Is auto stop/restart of site still needed to prevent memory build up

rileydog · March 5, 2016, 6:54am

For my plone 3/4 sites I use to have, I had a crontab job that ran periodically to stop/restart site because Plone, especially 3, was a memory hog.
Is this practice still considered good practice for plone 5?

thanks

zopyx · March 5, 2016, 7:06am

Do it with any service when you have the need to do so. Any badly written application can cause such a behavior and it is not directly tied to the Plone core.

-aj

dieter · March 5, 2016, 8:19am

[C]Python's memory management does not use compaction. Any long running application with heavy non-formalized heap usage (such a Plone) without memory compaction tends to suffer from memory fragmentation and correspondingly increased memory usage. Things might have improved but likely you still will not be able to run your Plone processes for years.

jensens · March 5, 2016, 8:59am

I use supervisor and Memmon to restart in case of breaking a limit. It notifies me about the restart. I have one Plone 4 site only that restarts all 2 to 5 weeks (must be some addon) . All other sites are memory stable - depending on configuration - between 250 and 900MB each instance. So in practice restarts with cron are not needed in my opinion.

tkimnguyen · March 5, 2016, 2:12pm

The last time I saw a clear need to restart Plone on a schedule was with the 3.1 series. Since then I have seen very little process memory growth. However it probably is good practice to restart (say) weekly, or to monitor process size and resource usage anyhow.

hvelarde · March 7, 2016, 10:06pm

I'm not an expert on the topic but I agree with @dieter (that was the same explanation @leorochael gave to me some time ago).

we use memmon also and, in our experience, instances on small sites almost never restart while instances on large sites can be restarted many times a day.

the problem with big sites is that we need many instances running (because we use only one thread per instance) and we have a limited amount of memory available; in some cases we use 2GB per instance and 4 instance per machine (we also have Varnish and nginx installed) on 16GB VM.

lately I've been questioning if it's better to reduce the number of objects in the cache or even reduce the number of instances and increase the memory available per instance to avoid restarts at all.

jensens · March 7, 2016, 10:15pm

Thats now kind of new topic?

This really depends on.
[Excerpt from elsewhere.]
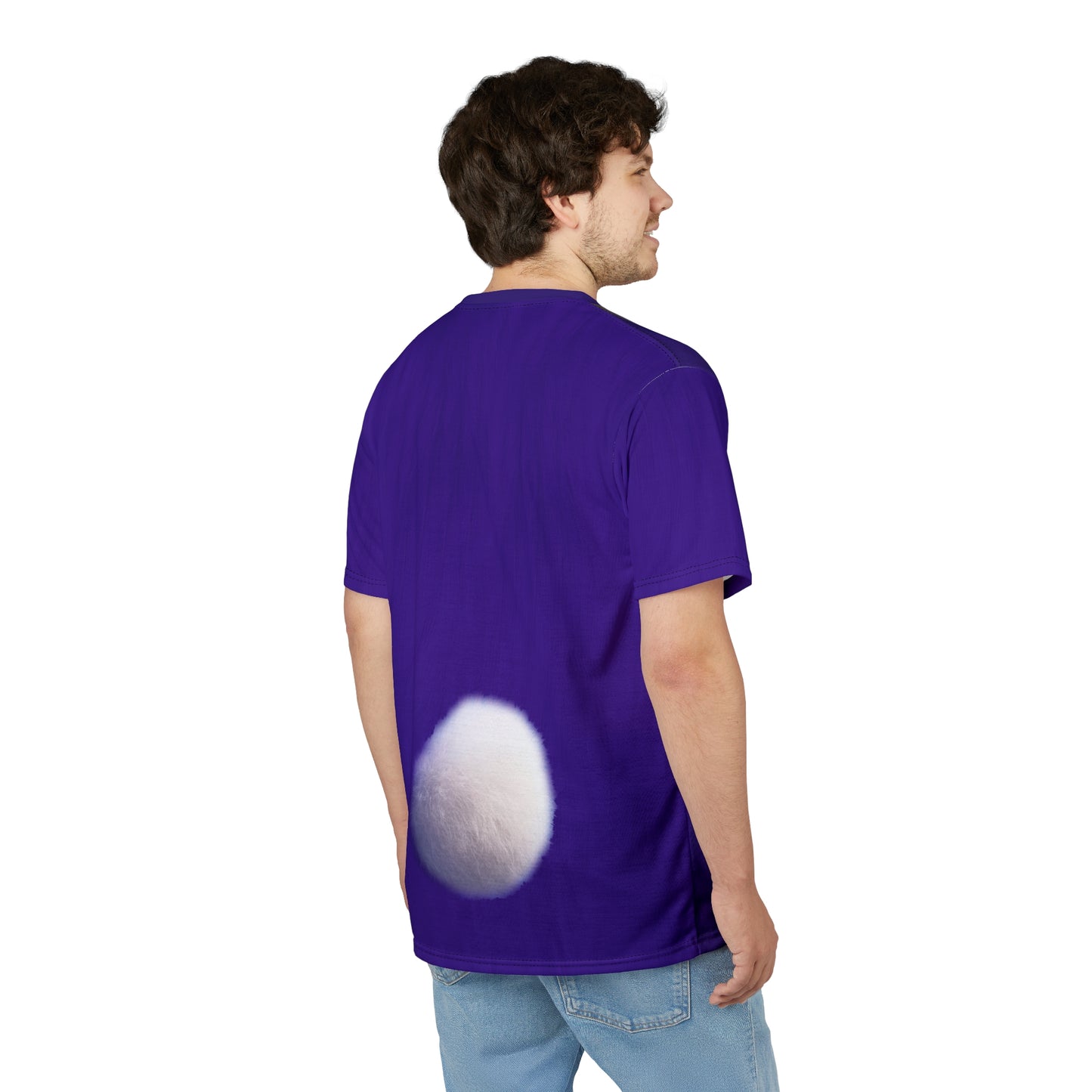 Hopper Purple Bunny Shirt, RoboGobo Inspired Character Costume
Also in this scenario the improved caching of RelStorage/memcached and the better speed of RelStorage with PostGreSQL may help - also to reduce the memory footprint a lot. Then it might be a good idea to not place all services on one machine, but segment into nginx/varnish/haproxy on one machine, plone and memcached on another one and PostGreSQL plus NFS on a third. We are using typically the "front" machine and the "db" machine shared for several sites while each "rendering" machine is on its own.

hvelarde · March 7, 2016, 10:41pm

we replaced that approach because it lead to a lot of administrative overhead; we're using 2 machines only and almost everything is redundant: we have one VM with nginx, Varnish, Plone and Zope running in ZRS master configuration and another VM with the same and Zope running in ZRS slave configuration.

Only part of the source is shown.